There is no underestimating the role of Lt. Robert King in producing the Bureau’s disastrously bad disciplinary decision. Lt. King wrote the entire portion of the Training Division review dealing with Officer Frashour’s conduct when using deadly force, and made the conclusion that Officer Frashour violated his training. Lt. King’s conclusions were solely and repeatedly relied on by [former North Precinct] Commander [Jim] Ferraris, the Use of Force Review Board, and by Chief Reese. However, when Lt. King was finally held to account for his work and assertions in Officer Frashour’s arbitration hearing, when he was finally forced to answer questions about what he had done, he gave testimony that was not only riddled with inconsistencies, factual mistakes, and contradictory explanations but he also made revelations that were shocking.
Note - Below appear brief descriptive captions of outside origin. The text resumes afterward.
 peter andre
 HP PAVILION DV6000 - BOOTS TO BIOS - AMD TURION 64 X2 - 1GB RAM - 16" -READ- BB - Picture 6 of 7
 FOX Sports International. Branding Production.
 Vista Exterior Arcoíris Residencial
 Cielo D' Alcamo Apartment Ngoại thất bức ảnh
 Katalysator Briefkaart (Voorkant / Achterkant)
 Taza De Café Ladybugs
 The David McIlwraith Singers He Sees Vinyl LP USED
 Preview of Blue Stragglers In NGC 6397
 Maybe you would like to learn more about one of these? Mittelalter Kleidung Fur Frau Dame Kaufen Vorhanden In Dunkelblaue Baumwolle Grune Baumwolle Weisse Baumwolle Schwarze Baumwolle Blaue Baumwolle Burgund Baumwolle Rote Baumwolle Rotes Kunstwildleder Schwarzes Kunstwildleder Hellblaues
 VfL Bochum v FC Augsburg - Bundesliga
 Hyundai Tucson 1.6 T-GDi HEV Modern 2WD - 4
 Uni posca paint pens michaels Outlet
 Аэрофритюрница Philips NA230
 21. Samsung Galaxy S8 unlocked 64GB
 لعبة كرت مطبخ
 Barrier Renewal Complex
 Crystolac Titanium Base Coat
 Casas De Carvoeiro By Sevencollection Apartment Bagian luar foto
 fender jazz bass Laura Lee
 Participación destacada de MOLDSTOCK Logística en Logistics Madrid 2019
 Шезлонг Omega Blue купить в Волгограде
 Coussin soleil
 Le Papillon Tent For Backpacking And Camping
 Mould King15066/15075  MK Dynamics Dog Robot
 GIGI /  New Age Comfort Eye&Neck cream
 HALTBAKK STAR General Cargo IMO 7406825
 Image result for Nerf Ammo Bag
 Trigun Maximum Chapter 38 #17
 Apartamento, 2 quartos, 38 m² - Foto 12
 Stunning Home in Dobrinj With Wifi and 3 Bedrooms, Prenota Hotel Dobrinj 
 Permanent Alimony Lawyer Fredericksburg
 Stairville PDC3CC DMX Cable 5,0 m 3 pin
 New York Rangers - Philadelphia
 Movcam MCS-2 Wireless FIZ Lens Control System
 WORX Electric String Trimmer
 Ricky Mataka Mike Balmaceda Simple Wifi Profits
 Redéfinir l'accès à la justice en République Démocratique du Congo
I've left a message for King, and I'll update if I hear back, but that's only the tip of the iceberg.

Turner pounds King, who later was promoted to Reese's top spokesman, as incompetent and dishonest. He says King privately disagreed with the decision to find Frashour out of policy and accuses King of letting Reese's office direct the shape of the training review instead of the bureau's trainers, who also agreed (and later testified to an arbitrator) that Frashour had done as he was taught.

Eleven trainers testified at the arbitration, either in person or by stipulation. All eleven said that Lt. King did not show them a draft of his findings and in fact had not asked for their opinion on whether Officer Frashour’s actions complied with his training. All eleven testified that they first saw Lt. King’s report long after it was finalized, and after it had been presented to Chief Reese and the Use of Force Review Board. All eleven described a tense Division-wide meeting of the Trainers and non-sworn personnel where Lt. King presented the report. It was during this meeting that Lt. King justified his conclusions by saying “the elephant in the room is the fact that we shot and killed an unarmed black man.”

Later, Turner goes on to rip into King's bosses. He lifts the lid on their testimony in the Frashour arbitration, saying the standard for using deadly force they held as acceptable would lead to cops being killed in the real world. But then he comes back to King.

Lt. King wasn’t the only City witness whose testimony would likely shock PPA members. There was Assistant Chief O’Dea testifying that a round from a .22 cannot penetrate a sliding glass door (Assistant Chief O’Dea mistakenly thought that the three college kids observing the scene from a second-floor apartment behind the custody team were behind a sliding glass door; in fact, the door was open). There was Commander Ferraris testifying exactly as you might imagine he would, with all of the connection to real-world policing you’d imagine he would have. There was Chief Reese, testifying that when Will Aitchison and I told him the trainers disagreed with Lt. King’s conclusions, he didn’t bother speaking with any of the trainers before firing Officer Frashour because Captain Day had reported to him that the trainers were “disgruntled” employees.

There was also Chief Reese testifying on the ultimate question. For him, Mr. Campbell wouldn’t have been an immediate threat unless he reached hard cover, drew his weapon, and took “offensive action” towards officers. There was Assistant Chief O’Dea testifying that for a suspect to be an immediate threat from 40 feet away, “. . . they have got to have a weapon or something that is going to be able to hurt me from that distance away; they’re going to have to produce that weapon; they’re going to have to acquire me in one of the various positions of cover I might be in.”

All of these things were startling and were a gross deviation from the way Portland police officers are trained. In my opinion, Lt. King’s words, were the worst. Lt. King had a moral and civic obligation to conduct a full and thorough training review based on the facts; not on political pressure. He had the opportunity to stand up for basic principles of right and wrong, the basic principles of training. For whatever reason, he chose not to.